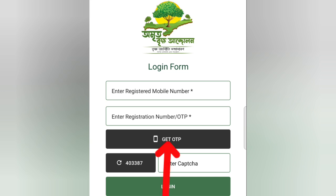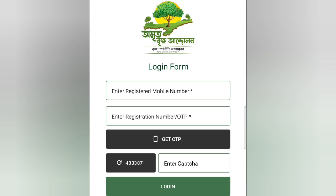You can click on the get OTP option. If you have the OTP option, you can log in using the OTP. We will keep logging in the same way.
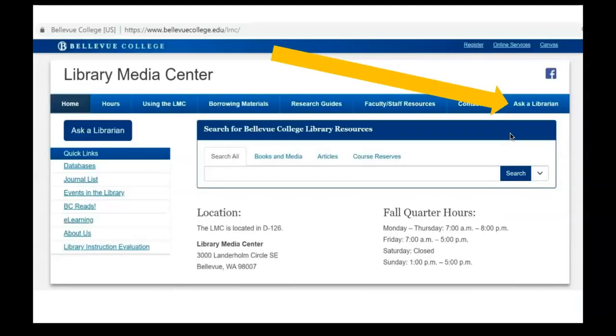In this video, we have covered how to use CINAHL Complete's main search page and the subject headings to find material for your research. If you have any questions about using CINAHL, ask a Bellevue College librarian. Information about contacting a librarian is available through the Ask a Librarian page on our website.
---
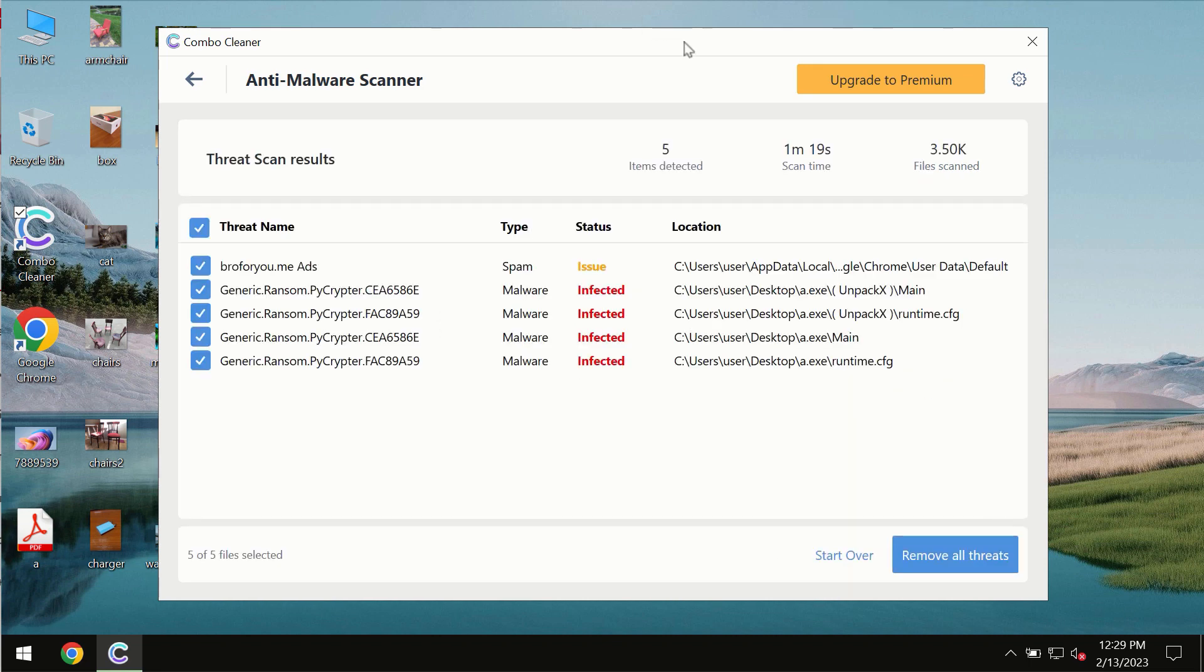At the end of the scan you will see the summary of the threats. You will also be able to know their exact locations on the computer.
...
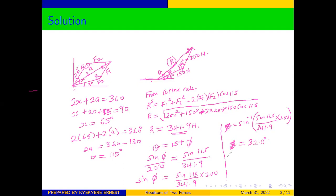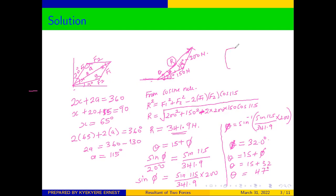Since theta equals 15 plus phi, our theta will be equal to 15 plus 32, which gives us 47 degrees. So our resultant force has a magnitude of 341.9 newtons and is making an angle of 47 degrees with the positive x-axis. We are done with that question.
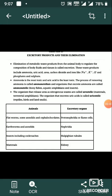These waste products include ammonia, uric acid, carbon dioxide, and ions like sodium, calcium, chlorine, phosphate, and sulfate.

### ACTIVITY:
Your answer should be the exact lines above from the one containing "Since theta equals" through the one containing "These waste products", with both end lines kept and the pictures removed, please.

### YOUR RESPONSE:
Since theta equals 15 plus phi, our theta will be equal to 15 plus 32, which gives us 47 degrees. So our resultant force has a magnitude of 341.9 newtons and is making an angle of 47 degrees with the positive x-axis. We are done with that question.
These waste products include ammonia, uric acid, carbon dioxide, and ions like sodium, calcium, chlorine, phosphate, and sulfate.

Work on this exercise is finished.